It would be helpful to have a tarfile iterator that does not cache every archive member encountered. This makes it nearly impossible to iterate over an archive with millions of files.
I assume you're using Python 2.x. because tarfile's memory footprint was significantly reduced in Python 3.0, see the patch in and r62337. This patch was not backported to the 2.x branch back then. As the 2.x branch has been closed for new features, this is not going to happen in the future.
Yes, I'm on 2.6. I checked the Python 3.x tarfile just for this one line in TarFile.next(): self.members.append(tarinfo) to conclude it would have the same problem. Reducing 2.5gb memory usage as measured in my particular case by 60%, still leaves 1.5gb ram burned which is too much on a 32-bit 2gb ram machine. My solution was to comment out that line which worked perfectly for my case but may not be the solution for the module.
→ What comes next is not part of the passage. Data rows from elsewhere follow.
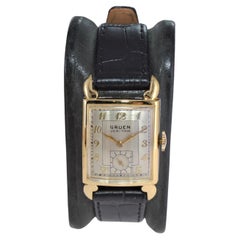 Gruen Yellow Gold Filled Art Deco Curvex Style Watch with Original Dial, 1940's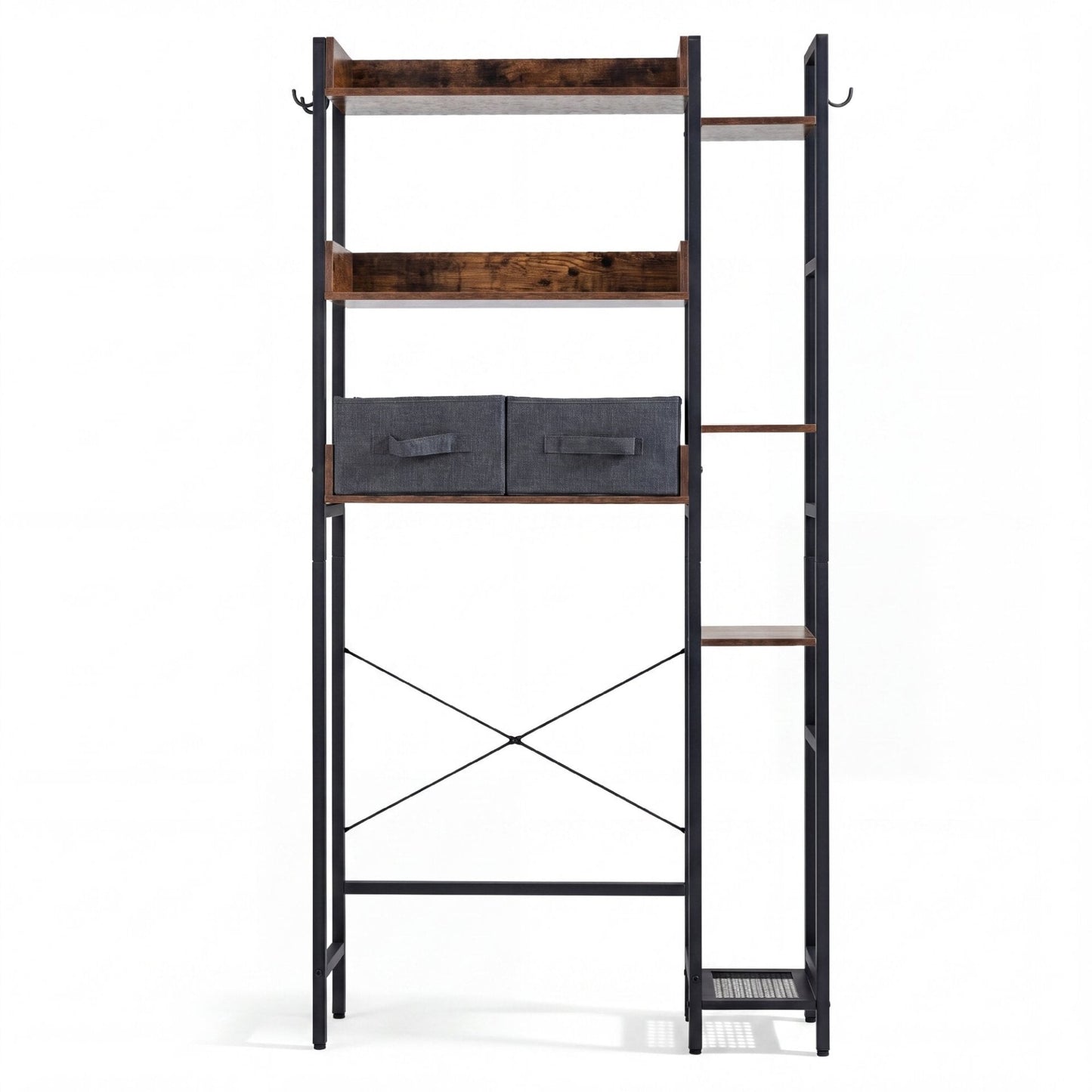 Over Toilet Storage Rack with 2 Fabric Drawers and 4 Hooks for Bathroom-Rustic Brown
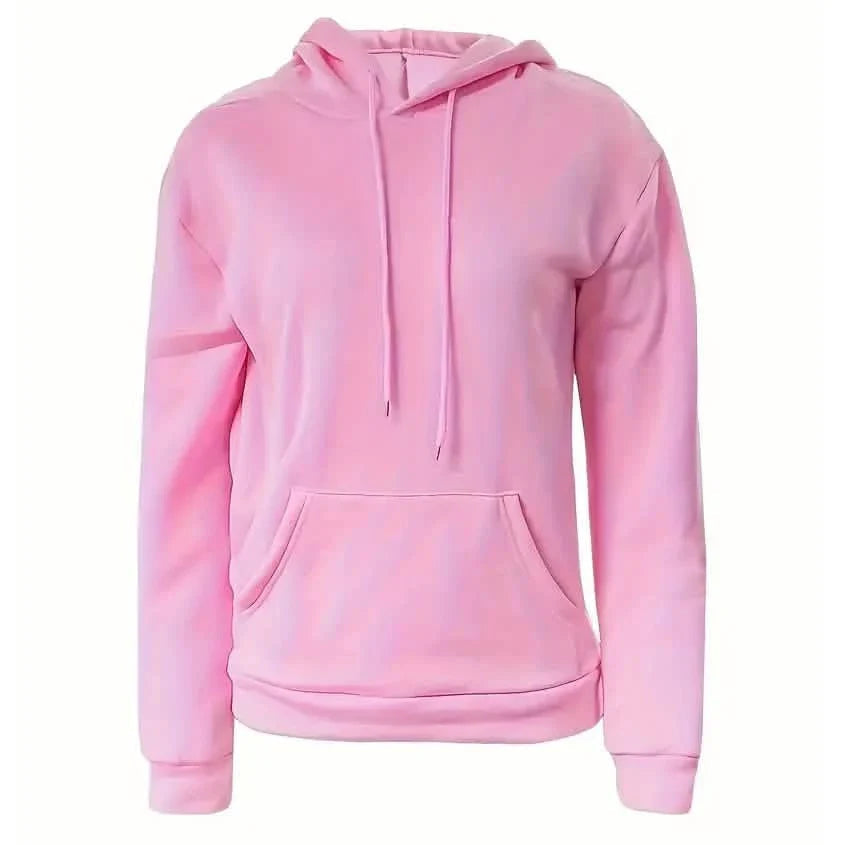 Solid Drawstring Casual Long Sleeve Hoodie DailySale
There is no trivial or backwards-compatible solution to this problem. The way it is now, there is no alternative to storing all TarInfo objects: there is no central table of contents in an archive we could use, so we must create our own. In other words, tarfile does not "burn" memory without a reason. The problem you encounter is somehow a corner case, fortunately with a simple workaround: for tarinfo in tar: ... tar.members = [] There are two things that I will clearly refuse to do. One thing is to add yet another option to the TarFile class to switch off caching as this would make many TarFile methods dysfunctional without the user knowing why. The other thing is to add an extra non-caching Iterator class. Sorry, that I have nothing more to offer. Maybe, someone else comes up with a brilliant idea.